Spin glass models with quadratic-type Hamiltonians are disordered statistical physics systems with competing ferromagnetic and anti-ferromagnetic spin interactions. The corresponding Gibbs measures belong to the exponential family parametrized by (inverse) temperature $\beta>0$ and external field $h\in\mathbb{R}$. Given a sample from these Gibbs measures, a statistically fundamental question is to infer the temperature and external field parameters.

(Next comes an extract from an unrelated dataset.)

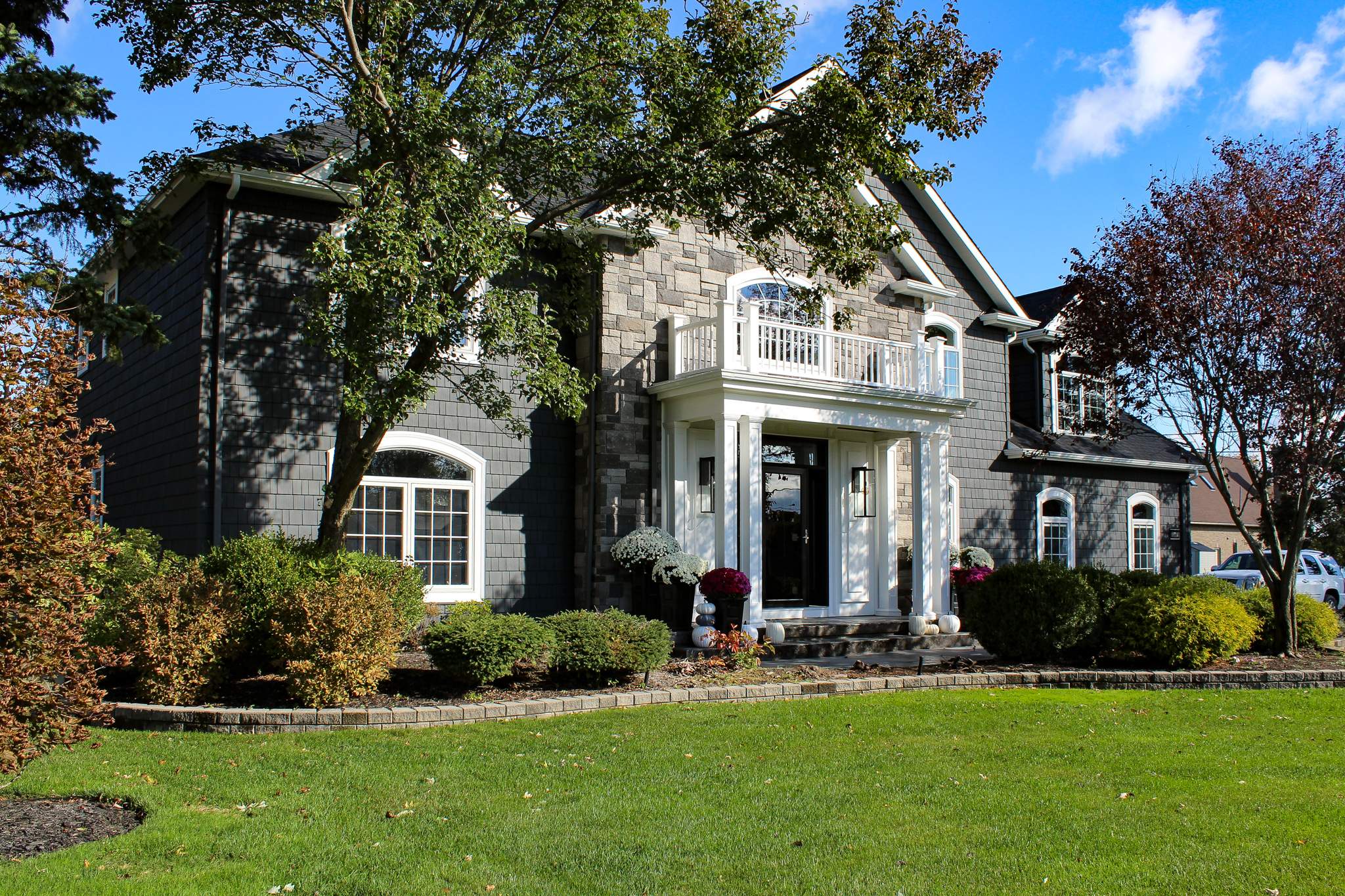 Exterior Renovations- Siding, Concrete, Railings, and Entry Door  by Ivy Lea Construction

In 2007, Chatterjee (Ann. Statist. 35 (2007), no.5, 1931-1946) first proved that in the absence of external field $h=0$, the maximum pseudolikelihood estimator for $\beta$ is $\sqrt{N}$-consistent under some mild assumptions on the disorder matrices. It was left open whether the same method can be used to estimate the temperature and external field simultaneously. In this paper, under some easily verifiable conditions, we prove that the bivariate maximum pseudolikelihood estimator is indeed jointly $\sqrt{N}$-consistent for the temperature and external field parameters. The examples cover the classical Sherrington-Kirkpatrick model and its diluted variants.

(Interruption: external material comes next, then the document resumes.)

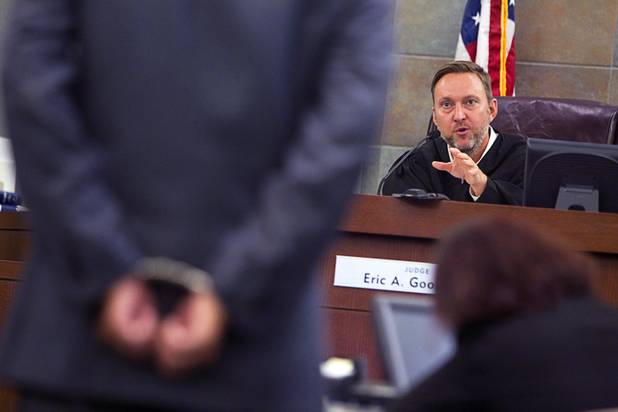 Judge Eric Goodman speaks to a man at the Regional Justice Center Tuesday, July 23, 2013. The man was handcuffed and almost taken to jail but Goodman eventually allowed the man to remain free while the case was pending.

翻译：具有二次型哈密顿量的自旋玻璃模型是包含铁磁与反铁磁自旋相互竞争的无序统计物理系统。相应的吉布斯测度属于以（逆）温度 $\beta>0$ 和外场 $h\in\mathbb{R}$ 为参数的指数族。给定来自这些吉布斯测度的一个样本，一个统计学基本问题是如何推断温度和外场参数。2007年，Chatterjee (Ann. Statist. 35 (2007), no.5, 1931-1946) 首次证明了在外场 $h=0$ 的情况下，在无序矩阵满足某些温和假设下，$\beta$ 的最大伪似然估计量具有 $\sqrt{N}$ 相合性。但该方法能否同时用于估计温度和外场的问题尚未解决。本文证明，在一些易于验证的条件下，二元最大伪似然估计量对温度和外场参数确实具有联合 $\sqrt{N}$ 相合性。所涵盖的示例包括经典的 Sherrington-Kirkpatrick 模型及其稀释变体。